I am the Lord your God (2 of 6)

Shane Willard

Page 7 of 8
How about when men get a new truck? With a V8! What do we do? We pull up - you've got to see my new truck! What's the first thing we do? We don't get in the car for a test drive, what do we do? We pop the hood. Look at that engine! Nine out of 10 of us have no idea what we're looking at, but it's big! Sounds powerful! Joy has to be shared.

Is this why God created us: to share His joy?

Maybe His joy got so full in Himself, that He had to create someone to share it with Him. He couldn't share it with somebody that's not in His image, or in His likeness, so maybe you are a result of God needing to share His joy. When we have real encounters with God, we want to spread it to others. I want everyone to know my God.

What would happen to our church, if church was not: attending an event?

What if it is: a life, who was committed to turning the world upside down?

What would happen if our church became one giant response to Anochi? Instead of trying to know more things about God, what if we just chased Him, and the things of God.

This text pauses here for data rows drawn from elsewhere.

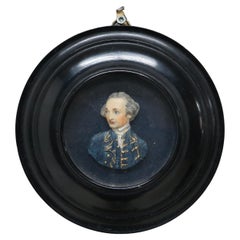 Antique Miniature Wax Portrait of Captain Cook 18thC
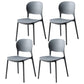 Modern Kitchen Square Plastic Dining Chair Open Back Dining Side Armless Chairs Grey 4 Piece Set Clearhalo ' kitchen&dining_furn' 'Dining Chairs' 'Dining Tables & Seating' 'dining_chair' 'furn' 'furn_dining_chair' 'Furniture' 'furniture_dining_chair' 'Kitchen & Dining Furniture' 'kitchen' 3858595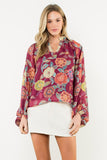THML Burgundy Floral Blouse CW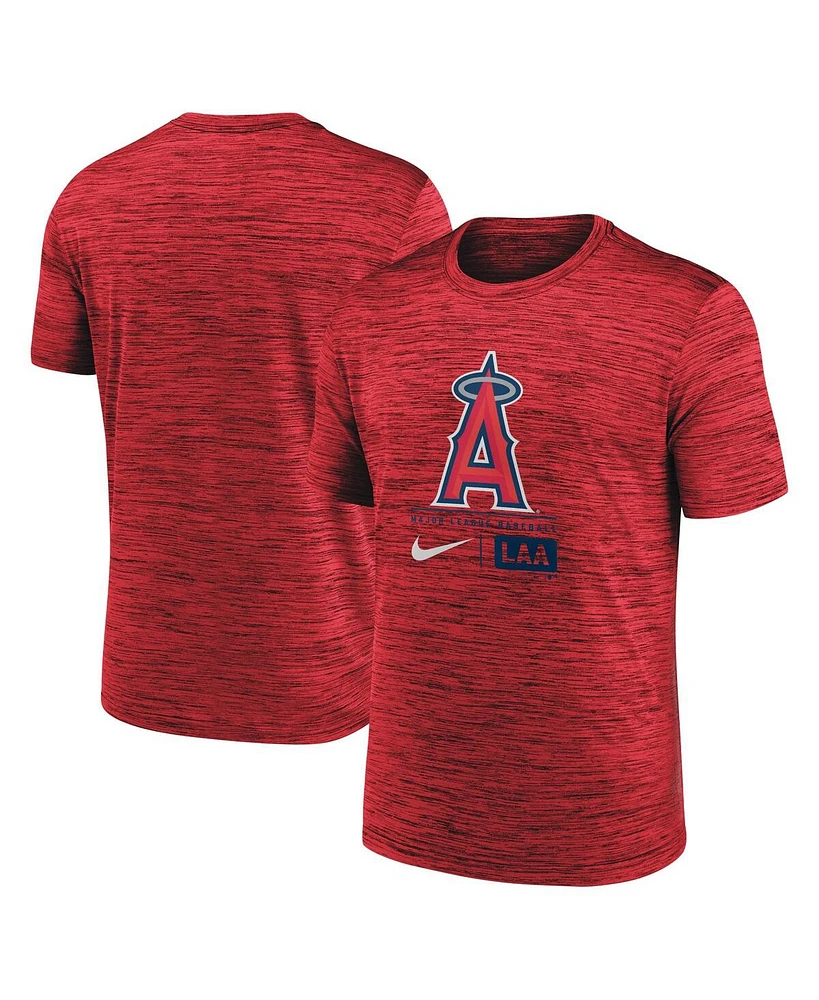Nike Men's Red Los Angeles Angels Large Logo Velocity T-Shirt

What if we were responding to God's desire for Anochi with us - by providing Anochi for everybody else? What we make happen for others - God makes happen for us.

God wants to: increase our authority, inside the hedge of praise and submission.

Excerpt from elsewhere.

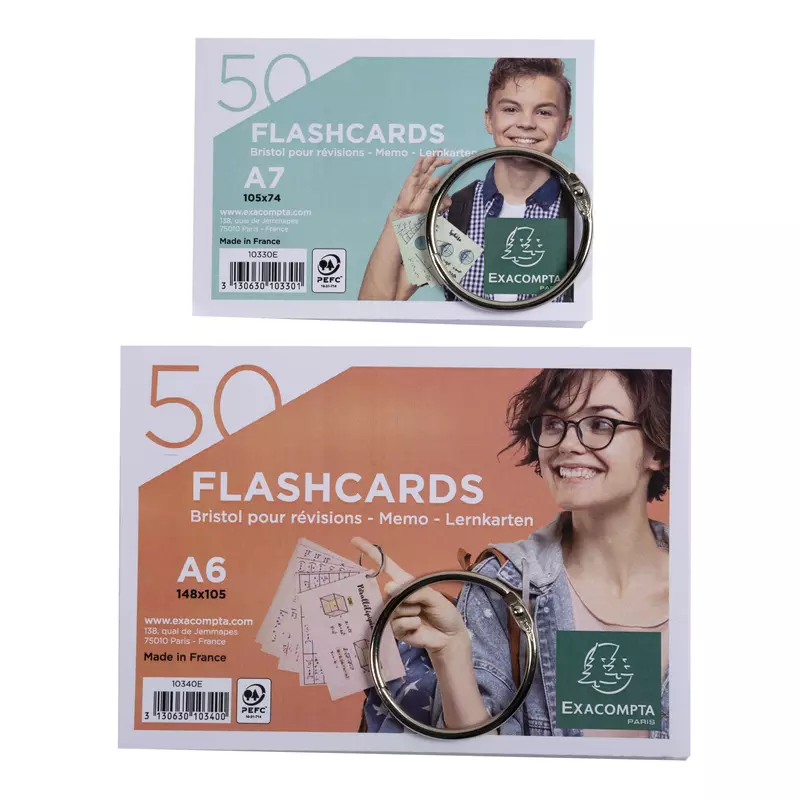 Exacompta, Flashcards/Lernkarten, Display mit 38 x 50 Flashcards+Ring, eingeschweißt, liniert, A6 und A7 - Farben sortiert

What would happen if we created that for other people? What would happen to church if it became that; instead of a gathering of people who complained about the volume of the music; or where they're having to park; or what was coming off the pulpit? What would happen if our life actually became a whole big response to Anochi?

We'd have a group of people committed to turning the world upside down - to helping the poor; to calling in the middle of the night and saying: I'm not going to make it; to being authentic and safe, to giving. It's life's response to: Anochi, Yahweh, Elohim.

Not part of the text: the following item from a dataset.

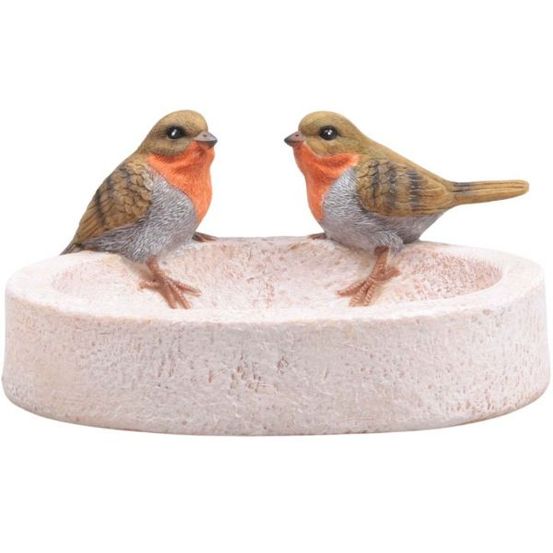 Bain oiseau en résine avec oiseaux 20 x 15 x 10.5 cm rouge gorge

Through history, the greatest people in the world, were people who were willing to die for Anochi. Peter, they tell us, died by being crucified upside down - and it resulted in one of the biggest revivals in the world. In Foxes Book of Martyrs, it talks about Philip, and the way he died.

Philip was in a town called Heliopolis, and Caesar built these columns in the town. He said: you have to walk through those columns, to pay homage to me as God. Philip walked around the columns - He wouldn't go through them, so the authorities of the city brought him and his family out; and they said: you're going to walk through those columns. He said: I will not.

He had six children. They took the youngest and killed it. He said: now you'll walk through. He said: I will not. The story goes that his children screamed out: dad, dad, don't do it! God is worth more than that! Wow! So one at a time, they killed Philips children. Then they got to his wife, and she said: don't do it - Gods plan for these people, is worth more than you giving in now - and they killed her. Then they got to him, and he said: kill me if you like, I won't walk through. They said: we're not going to kill you; we're going to let you live with the fact that your family died. That was Philip.

One of the greatest revivals ever to happen, happened after that; and then the story goes that the Roman platoon, who was in charge of the killing, actually came to Philip later and said: you must serve the one true God - tell us about Him. Philip led every one of those people, who killed his family, to the Lord; and later they came back to him, and they said: can we call you dad? We took your children away from you, but we'd like to be your children now. Can we call you dad?